Repeat exactly the lines of the records below, starting at the line containing "Suede Boxy Fit Padded Jacket Trimmed" and ending at the line containing "Polka Dot Crop". Leave the pictures out.

▶ Web page caption snippets
*** Begin section ***
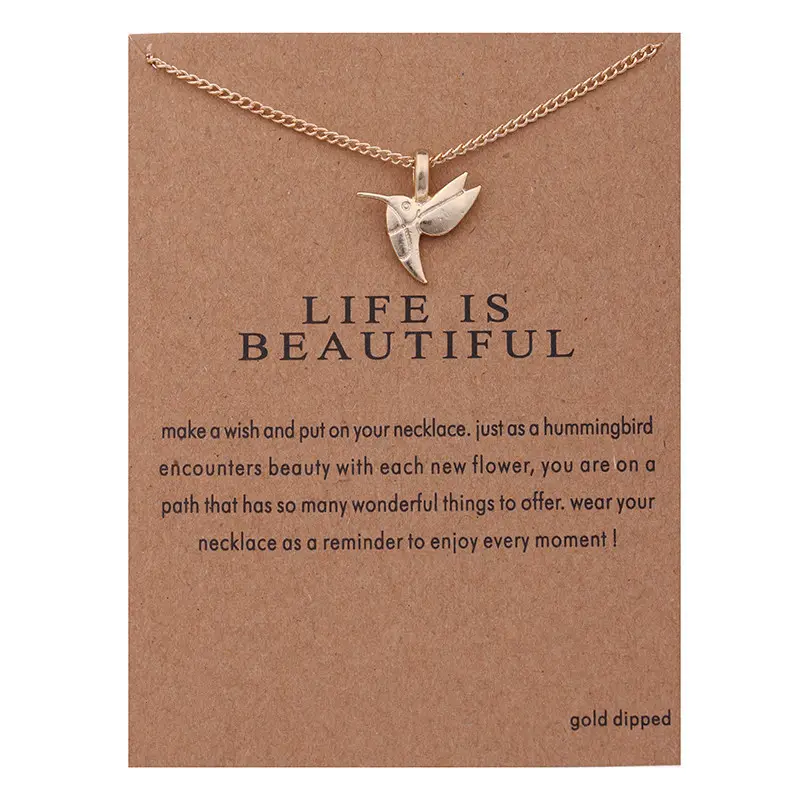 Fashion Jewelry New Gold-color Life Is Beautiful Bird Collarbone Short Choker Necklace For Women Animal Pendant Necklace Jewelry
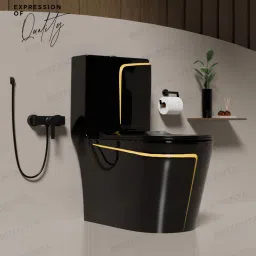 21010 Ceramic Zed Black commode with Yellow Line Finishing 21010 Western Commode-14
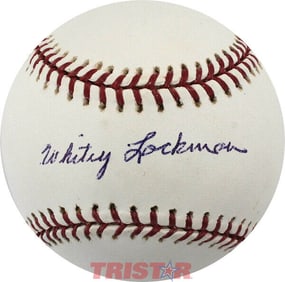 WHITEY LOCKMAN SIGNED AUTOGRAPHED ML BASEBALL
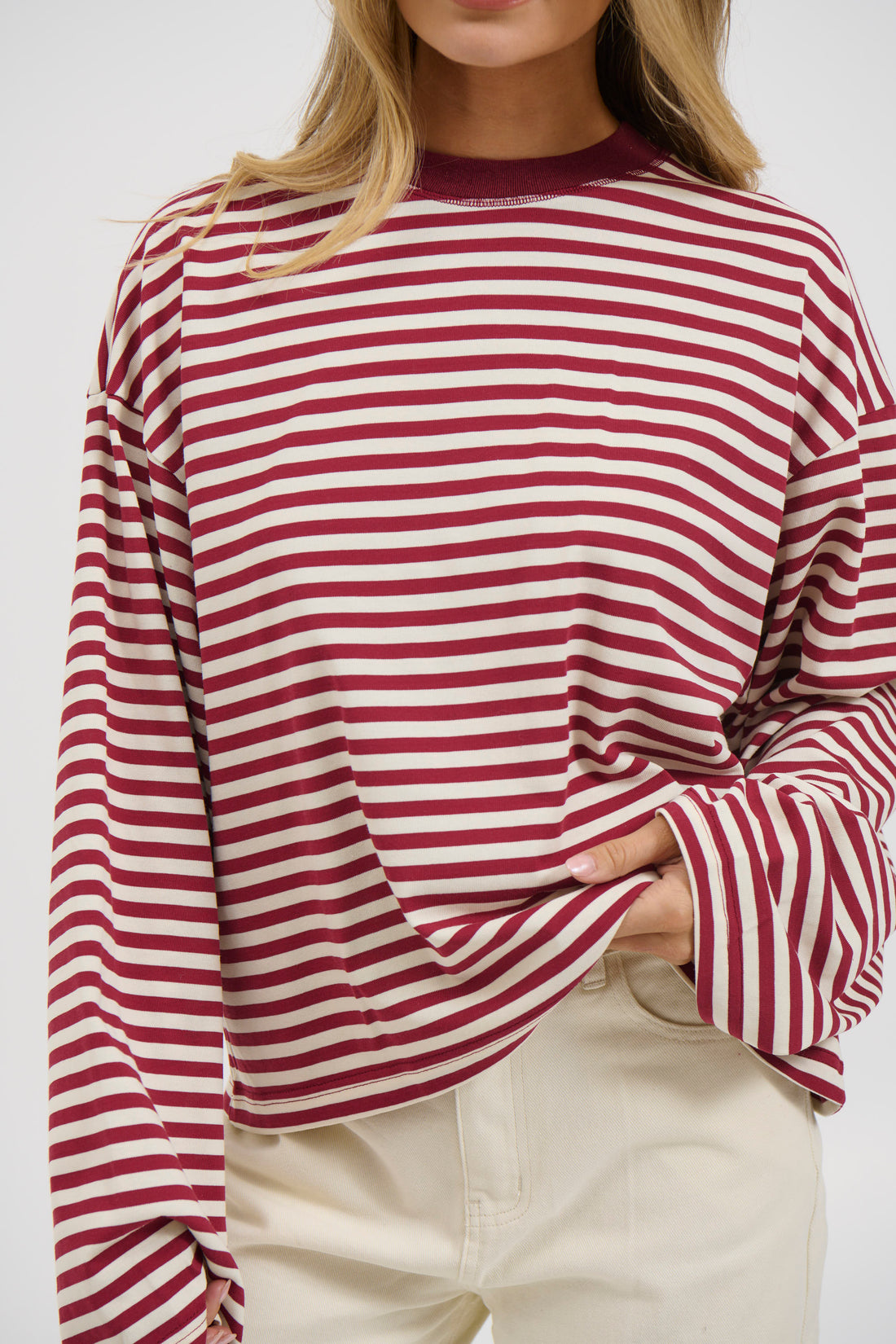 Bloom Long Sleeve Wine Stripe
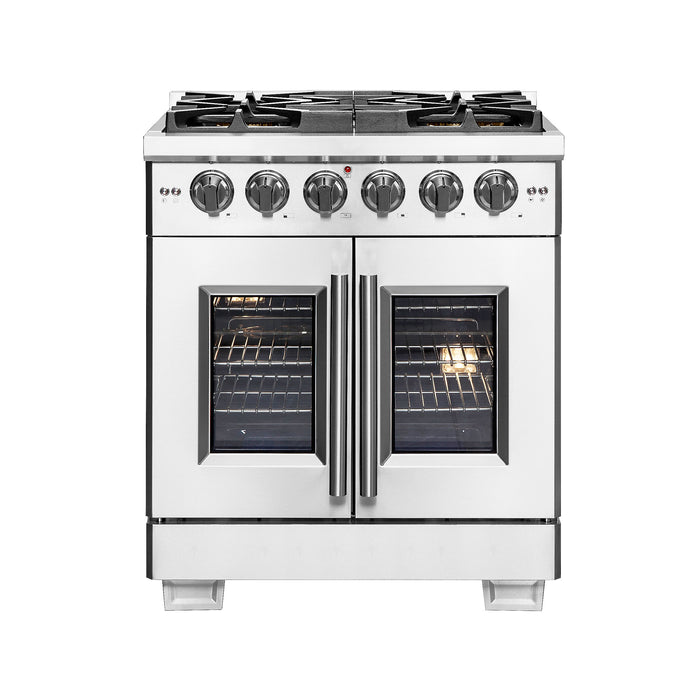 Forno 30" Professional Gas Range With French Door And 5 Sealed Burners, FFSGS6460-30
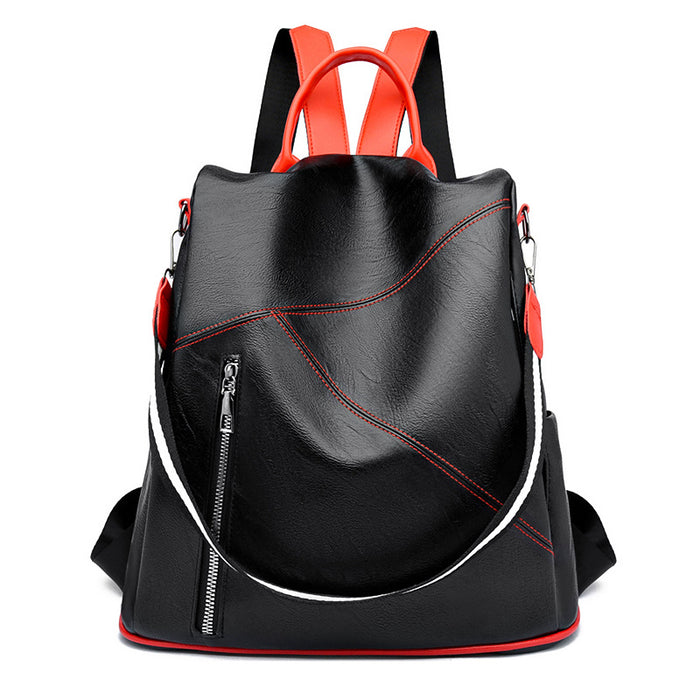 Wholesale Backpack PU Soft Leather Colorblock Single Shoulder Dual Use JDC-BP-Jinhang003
*** End section ***
*** Begin section ***
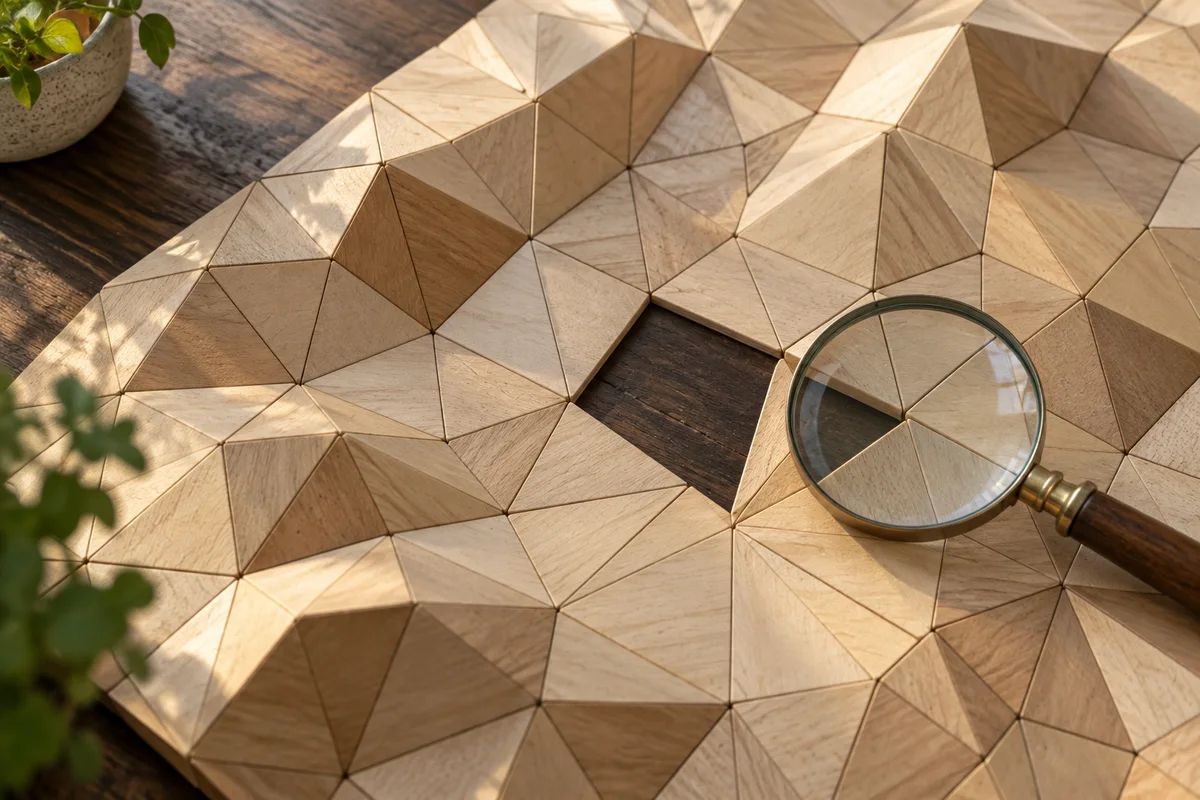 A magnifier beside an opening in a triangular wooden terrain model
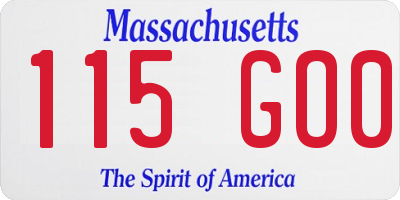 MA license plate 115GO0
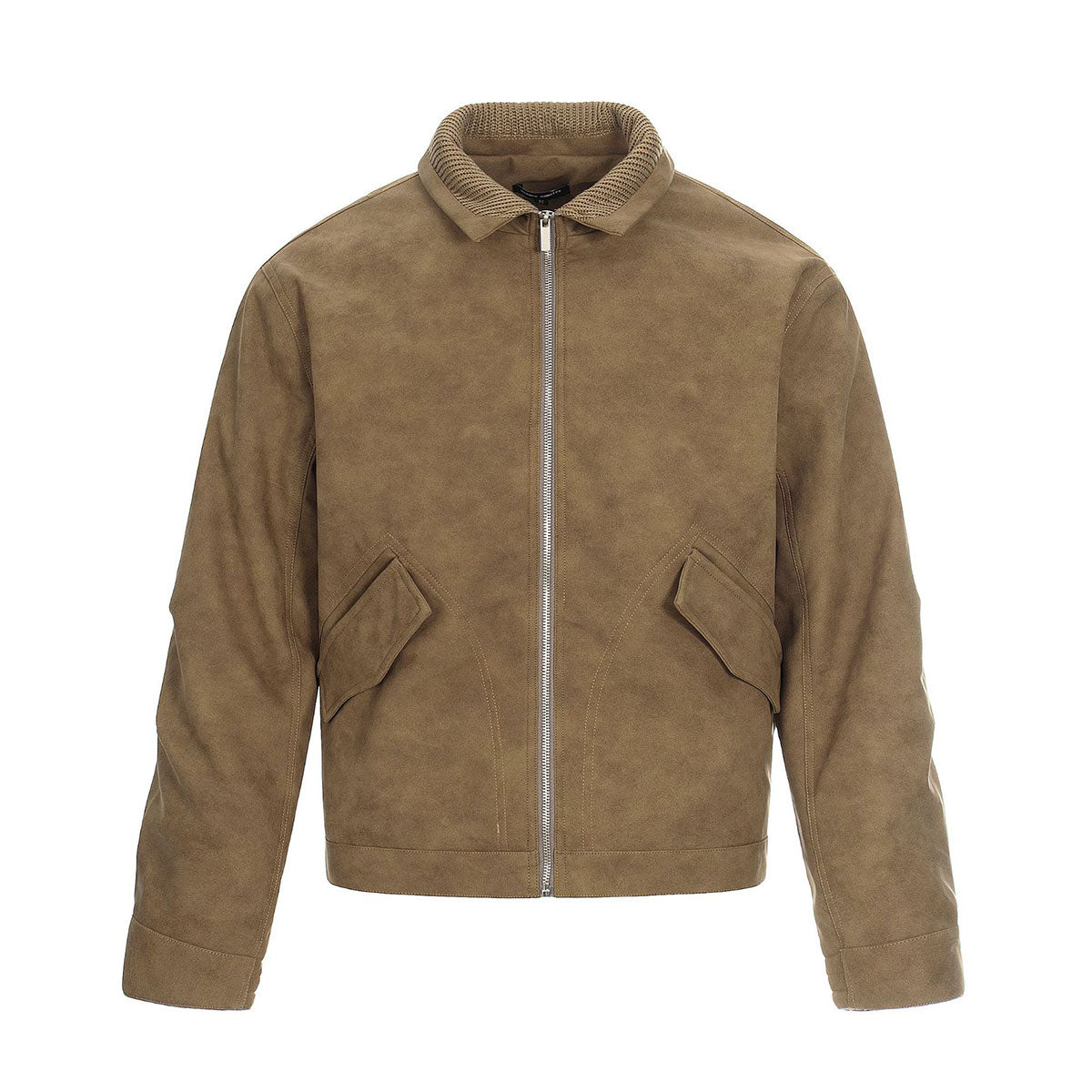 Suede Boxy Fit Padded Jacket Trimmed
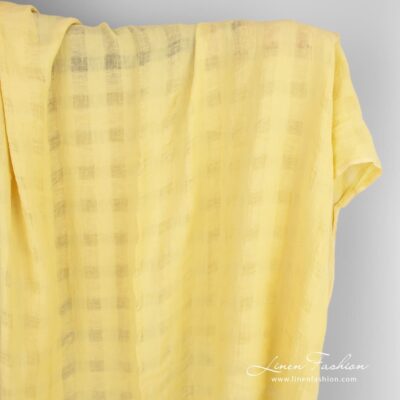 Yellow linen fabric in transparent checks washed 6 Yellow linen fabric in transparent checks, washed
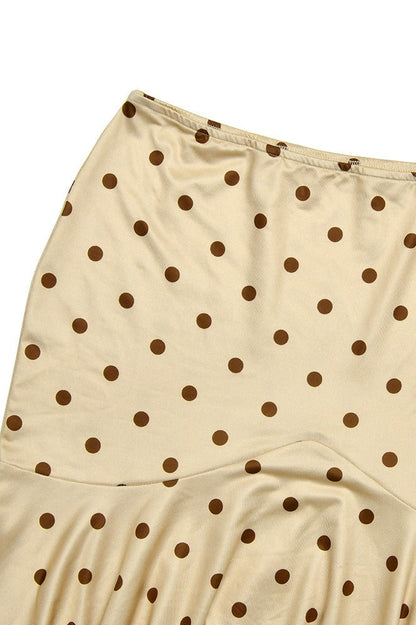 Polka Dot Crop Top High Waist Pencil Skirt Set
*** End section ***
▶ Exercise solution
 Suede Boxy Fit Padded Jacket Trimmed
 Yellow linen fabric in transparent checks washed 6 Yellow linen fabric in transparent checks, washed
 Polka Dot Crop Top High Waist Pencil Skirt Set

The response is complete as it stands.